Nuclear waste: Castor transport should roll to Bavaria

Nuclear waste: Castor transport should roll to Bavaria

nuclear waste
Castor transport should roll to Bavaria






Highly radioactive nuclear waste has arrived at the port of Nordenham in Lower Saxony with a ship. Goal: an interim storage facility in Bavaria.

At dawn, the “Pacific Grebe” reached the port of Nordenham. On board: Highly radioactive atomic waste in seven Castor containers. They are remnants of the German Atomic Age. All nuclear power plants in this country have now been switched off, but the waste is still there. The Castor containers are on the way from Great Britain to Bavaria, where they are stored.

The transport had long been planned under strict confidentiality. Last Wednesday, the special ship left the port in Barrow-in furness. On Tuesday, it was scheduled to schedule in Lower Saxony at 6:00 a.m., as a spokesman for the Society for Nuclear Service (GNS) of the German Press Agency said. According to the police, there were no incidents. The harbor area was secured by heavily armed emergency services.

In the afternoon there should be a rally by opponents of nuclear power in Nordenham, and demonstrations and vigils took place in several cities in the days before. According to an alliance of anti-atom initiatives, more are planned.

The containers come from the English processing plant Sellafield and are reloaded from the ship to a train in Nordenham, which transports them to the intermediate camp at the location of the Isar nuclear power plant in Niederaichbach (district of Landshut). A location for a future nuclear waste endage has not yet been found.

According to GNS, details on the route of the transport and the schedule are not published for security reasons.

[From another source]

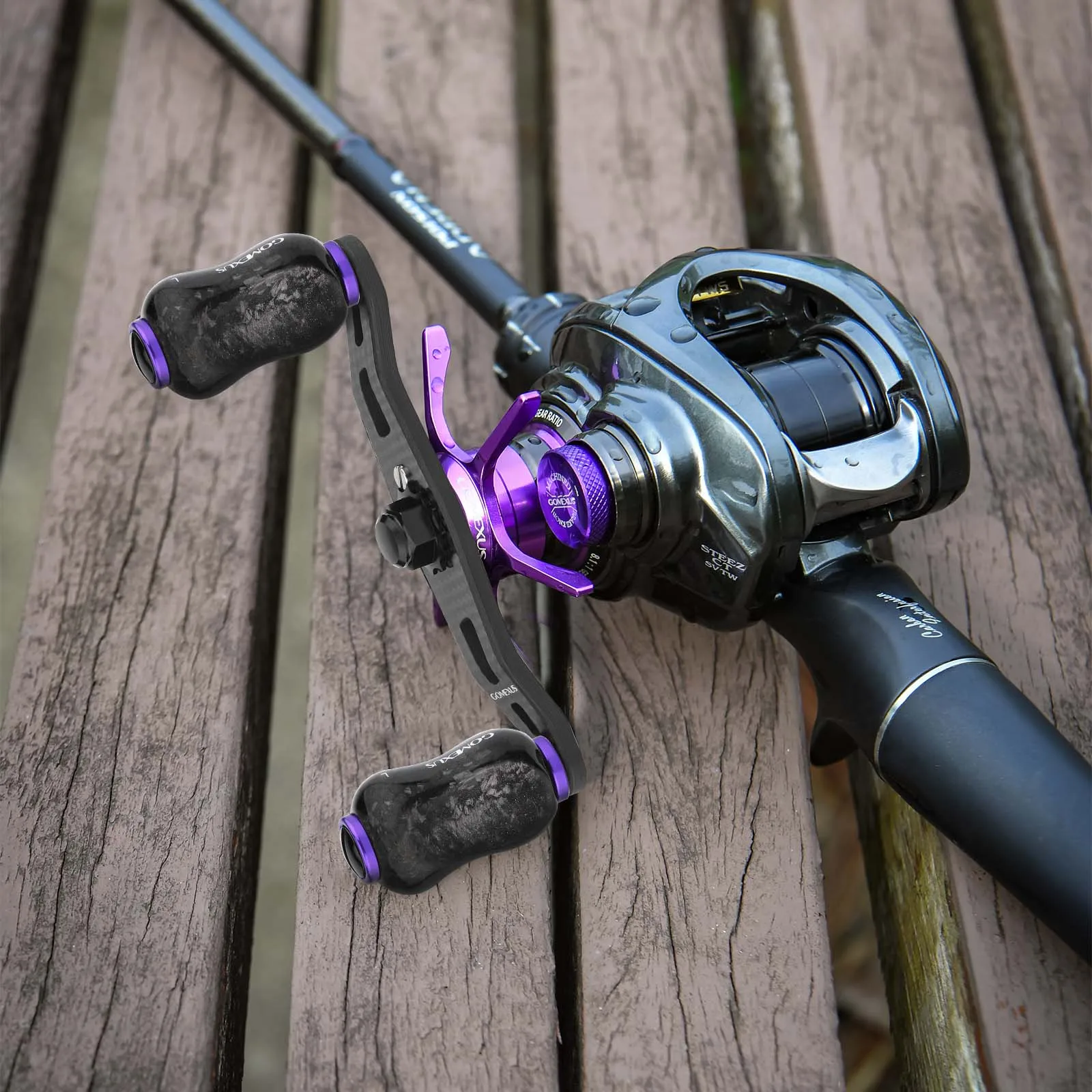 Gomexus mango de carbono 85mm Finesse para Shimano Bantam Aldebaran 13 pesca Daiwa Steez Abu García Okuma Baitcaster de mano izquierda - imagen 2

In the morning, the first Castor container was reloaded to a wagon using a crane. Expert measurements were carried out, the GNS said. It must be demonstrated that the legally prescribed radiation limit values ​​- technical language: limit values ​​of the local dose performance (ODL) – are reliably observed. Corresponding measurements had already been made before the transport started in Sellafield.

The association radiated that the German intermediate camps do not offer sufficient protection for highly radioactive waste. Spokesman Helge Bauer said it was clear that the nuclear waste could not stay in Niederaichbach. “Every Castor transport carries enormous risks. Nuclear waste should therefore only be transported once in a so-called repository.” This also applies to German nuclear waste from the reworking abroad, “of course the Federal Republic is obliged to withdraw”.

Until 2005 it was common practice that some of the fuel elements used in Germany were brought to the recovery system Sellafield and La Hague in France, as the GNS explained. The Federal Republic has undertaken to withdraw the nuclear waste caused by international law.

The intermediate camp is located at the location of the former Isar nuclear power plant in the Landshut district. Block I was switched off in 2011, Block II was removed from the network in 2023. Both systems are in dismantling.

Seven other containers from Sellafield, which are temporarily stored in Brokdorf (Schleswig-Holstein), have to be withdrawn. Six containers from Sellafield had already been brought to Biblis (Hessen) in 2020.

According to the information, the return of nuclear waste from La Hague was completed with the transport of four Castor containers in 2024 to Philippsburg (Baden-Württemberg). Between 1995 and 2011, more than 100 containers were brought to the intermediate camp in Gorleben (Lower Saxony).